SUPPLIED MATERIAL |
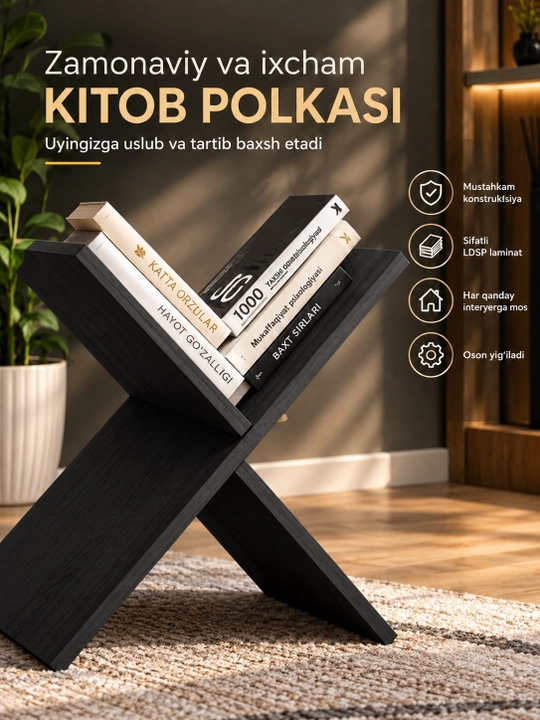 X shaklidagi LDSP laminat podstavka, kitob javoni, X oyoqli kitob yulduzi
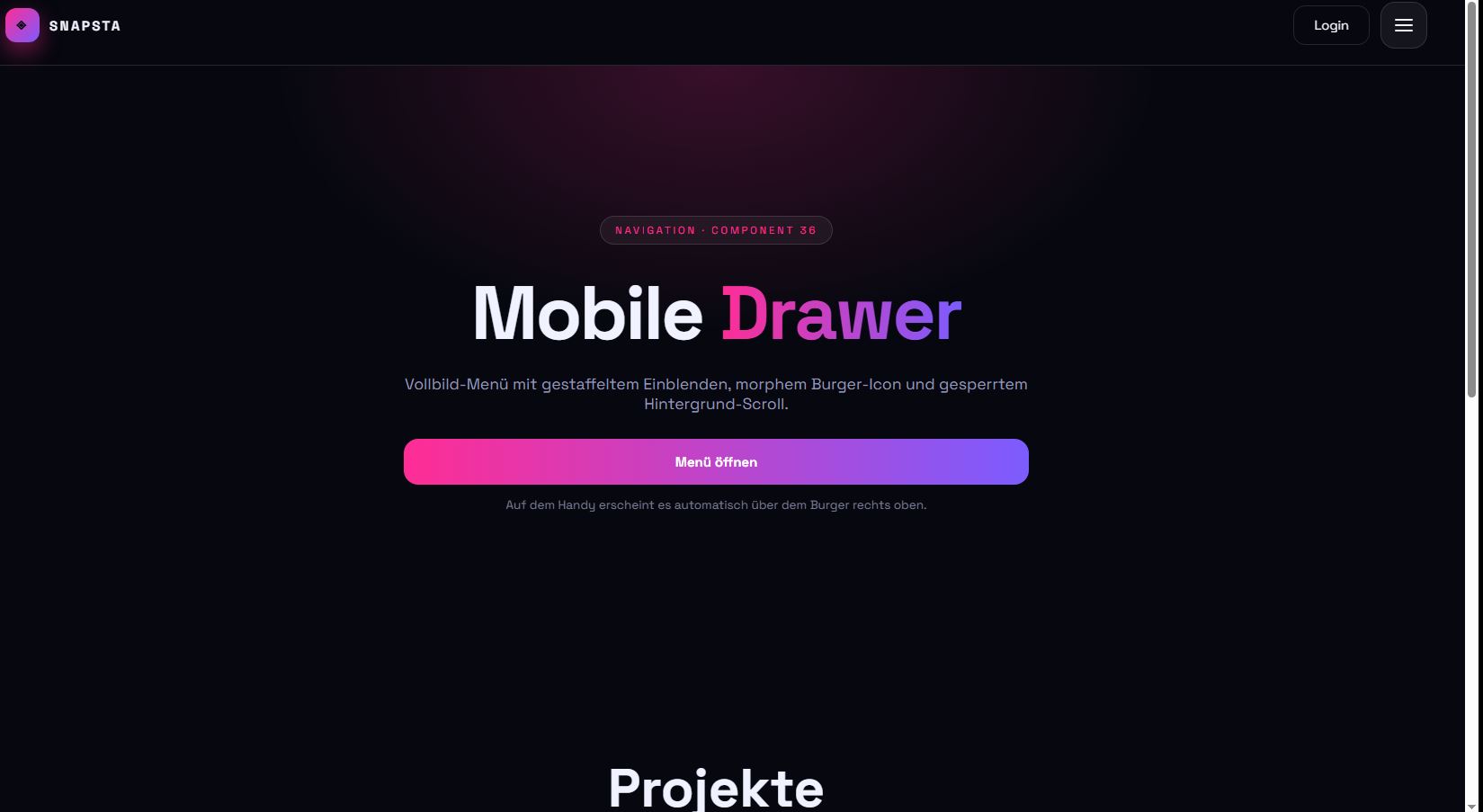 Mobile Drawer – Vorschau des kostenlosen HTML & CSS Templates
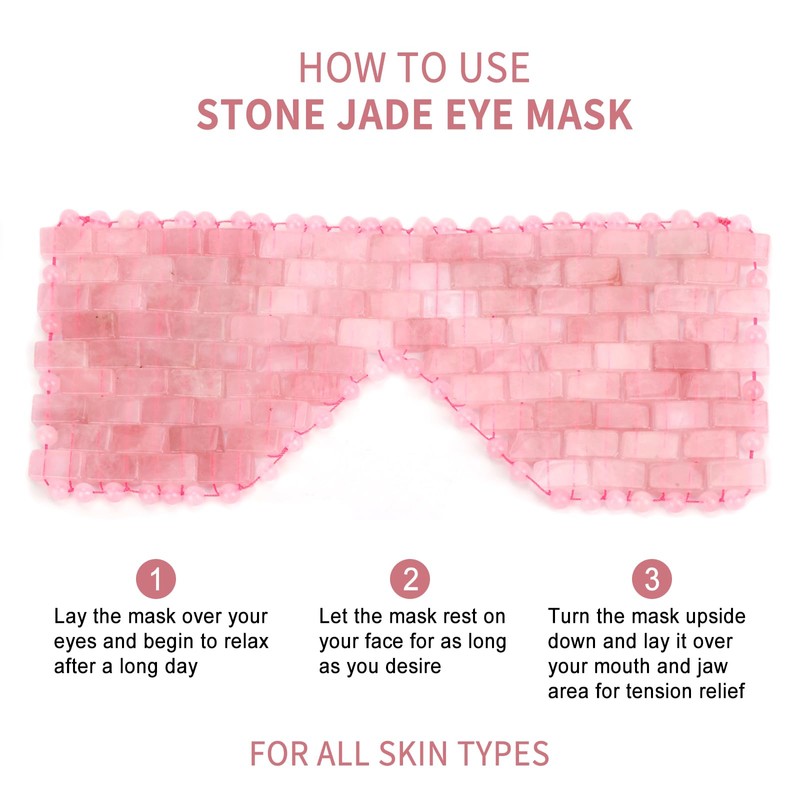 gemshan Jade Eye Mask 100% Natural Genuine Gemstone Jade Stone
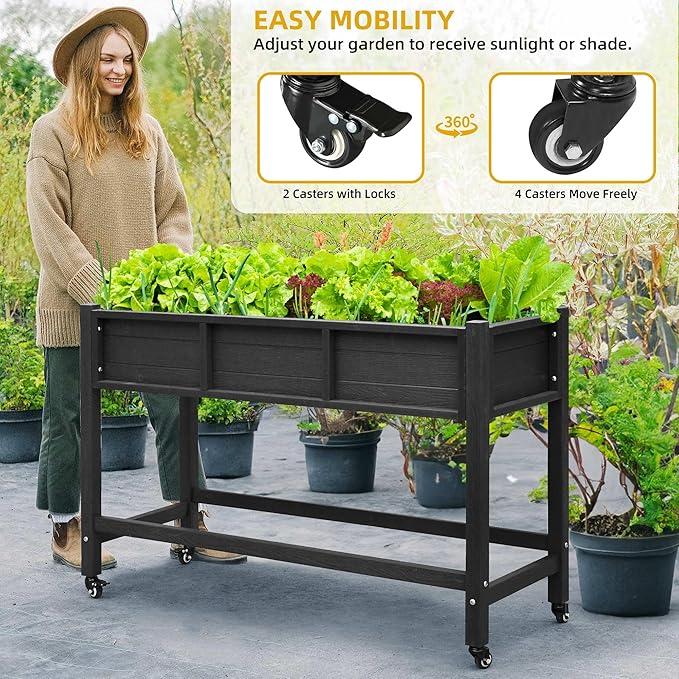 DWVO 47x18x31in Raised Garden Bed HDPE, Weather-Resistant Poly Wood Planter Box Stand, Planter Box with Legs & Lockable Wheels, Elevated Garden Bed for Backyard Patio Balcony - Black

TASK DESCRIPTION | Using the data above, transcribe exactly the lines between those containing "Mobile Drawer –" and "gemshan Jade Eye", inclusive, and leave every picture behind.

WRITTEN SOLUTION |
 Mobile Drawer – Vorschau des kostenlosen HTML & CSS Templates
 gemshan Jade Eye Mask 100% Natural Genuine Gemstone Jade Stone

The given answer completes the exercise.